And this is what actually motivates the whole work. If we can predict what these are ahead
of time, then we will be much more efficient into allocating our resources. When it comes
to those -- that graph when you want to run all these tests, you just start exponentially
requesting exponential growth in your resources. Now, the next question is -- does all these
things, fault proneness and change proneness change with the level of reuse? Remember,
there was another I would say anecdotal belief that the commonalities are not going to change
much if you design your system as a product line because that's well designed core functionality
that's going to stay stable. Now, there is a lot of bars on this graph,
but if you look at the rightmost side, you see the code churn per 10,000 lines of code,
the darkest one for the commonalities high reuse, low reuse, and single reuse. And you
see actually that the normalized code churn or how much things change appears to be highest
for the commonalities than for anything else. Basically, new features are added and also
commonalities keep (indiscernible) to the rest of the system and to the introduction
of the new product. Now, if you look at the middle graph and look
at the fault per kilo lines of code which is the fault density or how many bugs you
see per thousand lines of code, we see at the commonalities part, the middle line, that
it's actually fairly low. So even though they keep changing, the fault density remains to
be fairly stable, which in a way indicates that there is a benefit from having this reuse
in place. I will go through this slide much faster.
There is some numbers here that try to show do we benefit from product lines. And we see,
actually, for the later introduced products, like P3 and P4, a lot of faults that are previously
fixed are in shared part so we actually do benefit from reuse, and only see very few
faults that are in the newly developed parts of the system.

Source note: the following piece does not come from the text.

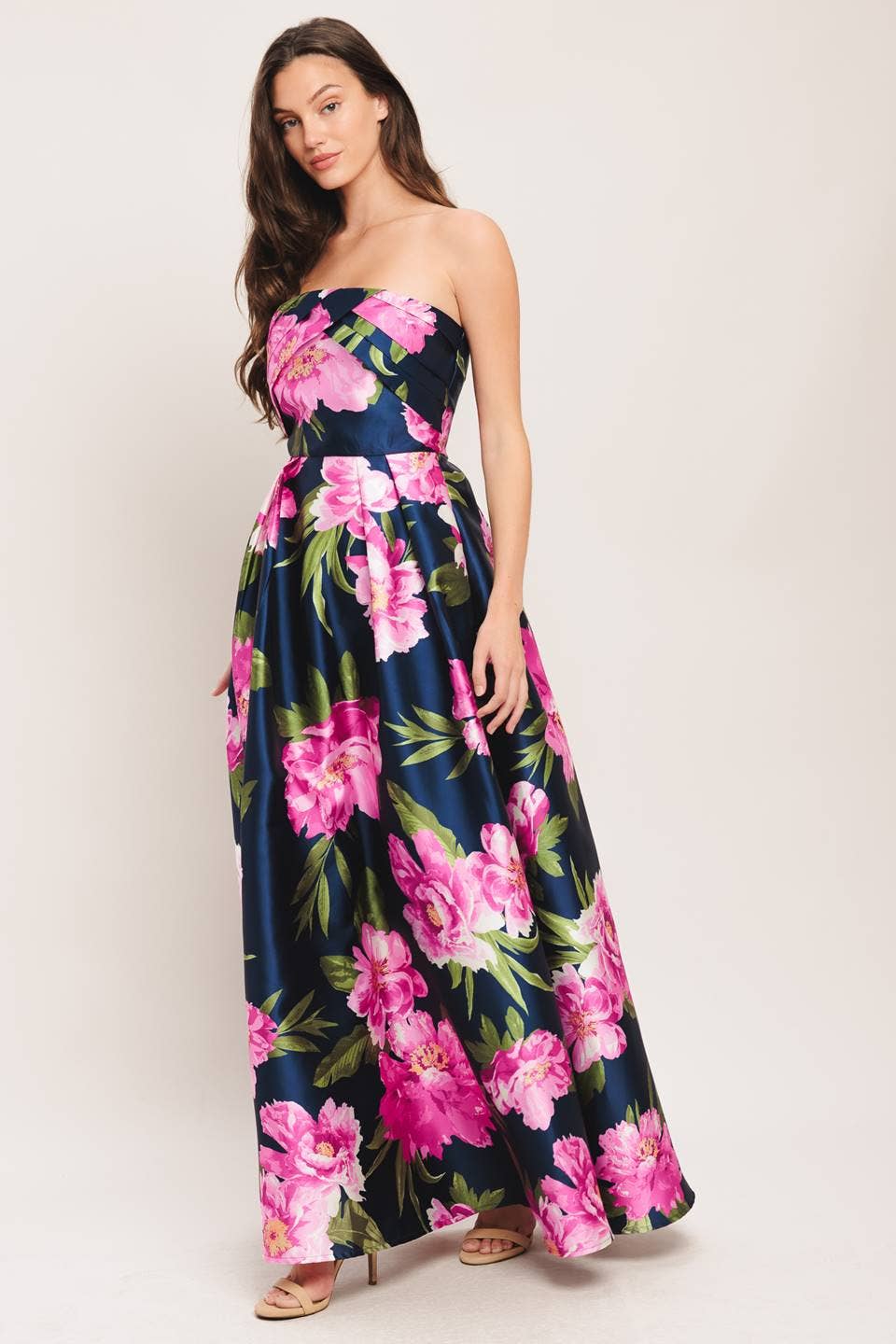 Navy Strapless Floral Full Length Event Dress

Now, the prediction parts of this study is, I would say, very small because it's much
smaller study, and we only have couple of new components to look at. But it was a good
motivation for what's following. And basically we see when we learn our models using simple
linear regression on the existing products, P1 and P3, and try to predict the number of
faults that are going to be there. In P3 and P4, we were successful. The one component
in P3 didn't have any faults and the other one has only one. So this is too small of
a sample to really show that this is a good prediction. And I am going to discuss more
on the next case study, which is a much larger one.
This is on Eclipse. When you work in academia and you don't own the data of software development,
then open source is almost like a promised land and Eclipse is an open source and a back-tracking
system and everything available. So what follows here is actually what we did
as a team, and this is a paper that we submitted to a journal and it's currently under review.

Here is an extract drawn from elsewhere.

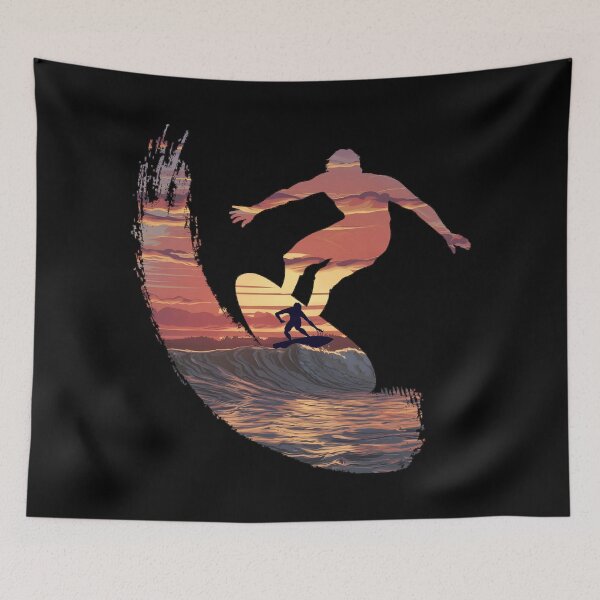 Item preview, Uluwatu sunest surfer designed and sold by NextDoorShoop.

So there is some basic facts about Eclipse. It is a very large product line. Its product
line, because it has parts that work for different -- different -- has different members. The
ones that we looked at are classic, C, C++, Java, and JavaEE. These four products together
have 125,000 files and 20 million lines of code. And we looked at the evolution through
seven releases to see what are the trends. And unlike the previous study, our focus here
was actually on post release faults, which is what the users found after the product
-- products were released. This table here gives you an idea of the timeline.
So in the first couple of releases, there was only one product, classic, in Europa,
which is 3.3. Eclipse starts looking like a product line. Remember that graph that I
show you in the beginning. So we now have Classic, C/C++, Java, and JavaEE, that all
keep evolving through releases. And we here look specifically into the yearly big release
of Eclipse. Now, I'm inclined to point out things that
are consistent. Here we also saw that big picture of different degrees of reuse, so
there is some core of functionality shared by all, but there is also, like, 16 files
that are shared between -- here, these are packages. Classic Java and JavaEE or maybe
75 that are used only in JavaEE. So this just gives you the picture of the
evolution through releases Europa, Ganymede, Galileo and Helios for these four products.

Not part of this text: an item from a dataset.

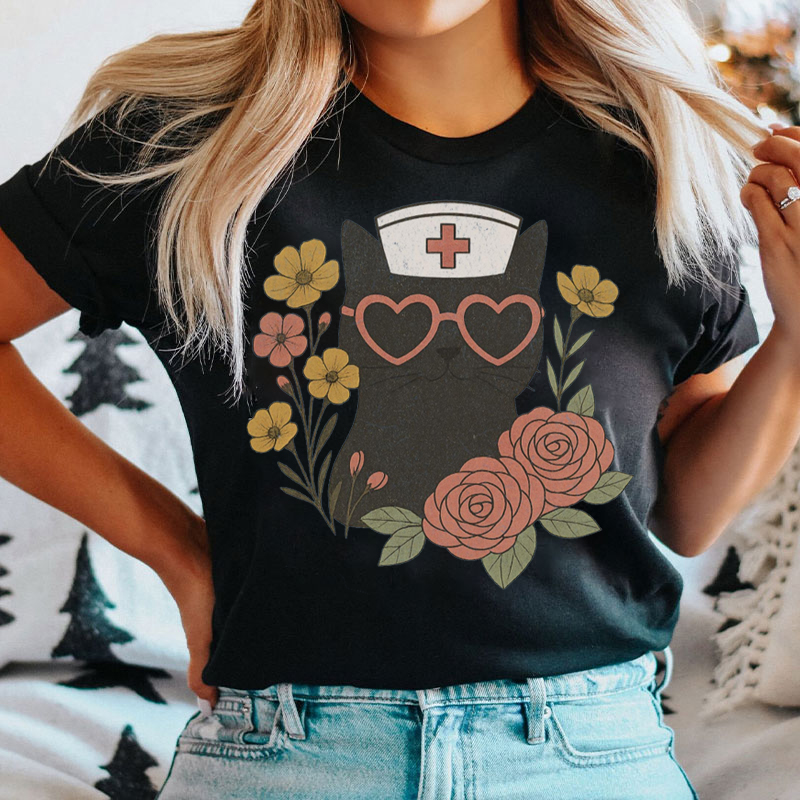 Floral Black Cat Nurse T-shirt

Metrics that we collected here. This is not an easy task. I must say that the students
put so much effort and so much scripting into it. You have the back-tracking system, but
you have to do your own work to link that to the changes that have been made to the
code from this, in this case, CVS repository to get your change metrics.
We collected change metrics six months prior to release, code metrics on the day of the
release, and we predict post release faults. Six months after release all these bugs that
were find based -- find by the customers. So here are the metrics. It's much more metrics
here because we have more things available. On the left side, you will see the code metrics
such as lines of code, number of statements, percentage of branch statements, method codes
and so on. On the right side you see the change metrics
such as number of revisions that have been made to each. This is on a package level.
Refactoring that has been made. Bug fixes, number of times a given package has been changed.
Prerelease for fixing bugs. Authors, number of people that were participating into revisions,
number of lines code added, number of lines of code deleted. Of course I don't have time
to go through all metrics but just its age, how old it is. Is it introduced now or it's
something that exists 50 weeks, its age in weeks? You versus all.
So the whole point here is to go again through the assessment and the prediction part. And
there's probably too many slides to cover them all in detail, especially because I went
with little bit longer introduction. But I will try to give you the main ideas here.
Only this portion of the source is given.